Two reasons: It’s entertaining, and because it adds dimension to characters.

It allows you to toy with the reader’s perception of the character.

For example, I once heard of someone wanting to introduce a bad guy but didn’t want to make them cartoonishly evil on the first meeting. It hit me then, introduce your bad guy doing something “good” and your good guy doing something “bad”.

If your bad guy is an evil prince, show him volunteering at an orphanage at the beginning, genuinely out of the goodness of his heart, or making friends, or just helping an old lady cross the street. After that, have them go to their bad guy meeting and reveal that they aren’t all good.

Maybe your good guy needs to steal or kill someone. Show them doing this and then reveal their intentions to be good ones, perhaps.

Those are simple examples but that’s why you should toy with them, and get creative.  This can really hook your readers in, and it would definitely make me turn the page to chapter two almost immediately.

Behavior Alters.

In real life, behavior alters when we meet a new person and we even act differently when we’re around different groups of people.

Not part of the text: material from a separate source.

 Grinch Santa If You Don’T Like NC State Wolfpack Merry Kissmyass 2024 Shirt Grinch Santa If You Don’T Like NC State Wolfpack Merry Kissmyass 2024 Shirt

There are studies on this that people will essentially adopt “roles” depending on the group, even in groups of good friends. In one of my social circles I tend to be a bit more sarcastic, in another I’m calmer and collected, in another I’m very outgoing and lead a lot of conversations, and so forth. It’s not being “fake”, I consider it being “myself”, albeit little tweaks.

You can observe this in your own life. How does a group dynamic shift when a new person enters the conversation? What tensions are there? What happens when Negative Nancy shows versus Fun-Loving Fred?

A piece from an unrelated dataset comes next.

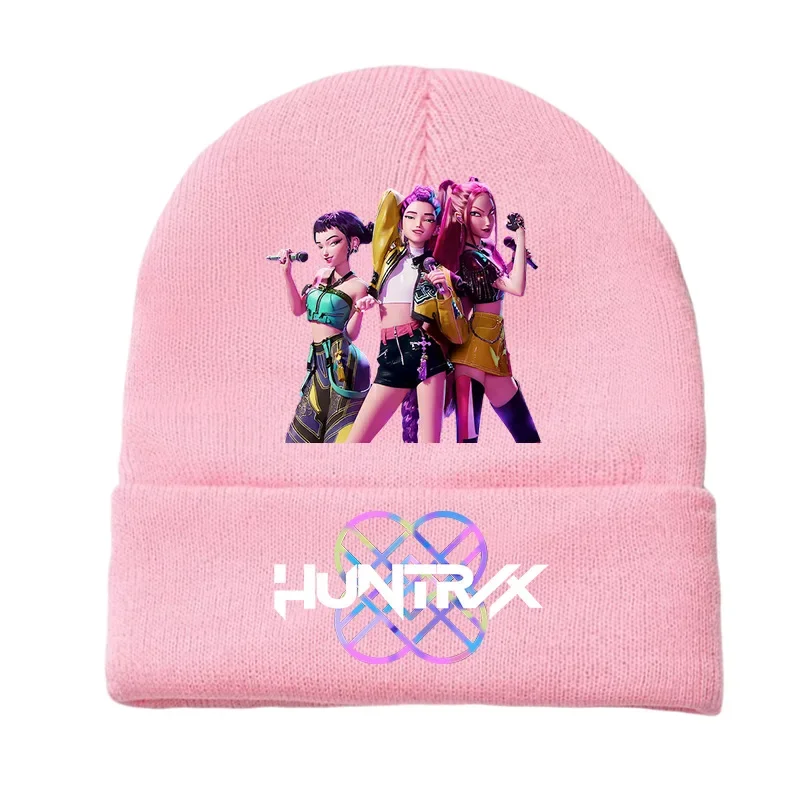 K-pops Demons Hunters Gebreide mutsen Heren Dames Kawaii Hoeden Outdoor Warme muts Anime Mira Rumi Zoey Cosplay Cap Kinderen Verjaardagscadeaus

This should apply to you characters. Play with the dynamic, play with the tension. It can tell the reader a lot about how the characters feel about each other. If Suspicious Sam shows up, how do they change the way they act? If the love interest shows up, what changes? Who has tension with whom? Etc.

Introducing Important Characters Later On

Now it’s best to introduce important characters, as in ones that are “keys” to the story fairly early on, so don’t wait too long. Otherwise it looks like “Ah, ha the random scholar who we never met before suddenly has the secret on the Evil Wizard’s greatest weakness!” and it’s cheap and too convenient.

So here’s the dilemma: You have this character who is imperative to the plot, but comes in a little bit into the story, but you can’t give it all up right away either. What to do.

You can do a POV, but if  that’s not useful to you, you have to find some other way.

Usually the way this happens is the “random encounter” some mysterious force “draws” the protagonist to this new person. But the problem is that there is no reason for it. It’s just a vague “aura” or “presence” of someone random and the protagonist is the only one that sees it.


Now people can be drawn to people. Maybe your protagonist is pretty perceptive, who knows. Whatever it is, please for the love of all that is holy, explain what it is. Tell the reader why this random character is different from all the other random stranger that this person encounters.

Please avoid things like weird eye colors or look based things. Believe me there are plenty of ways to do it that aren’t just these things.


  • The new character notices the protagonist first. Approaches them first.
  • The new character has their own agenda and is seeking the protagonist out.
  • They carry themselves a certain way (this is valid, people do notice those things).
  • They are dressed in a certain way that associates them with something else plot relevant (a faction or guild).
  • Some unique object. (jewelry, pins, a book, a wand, whatever.)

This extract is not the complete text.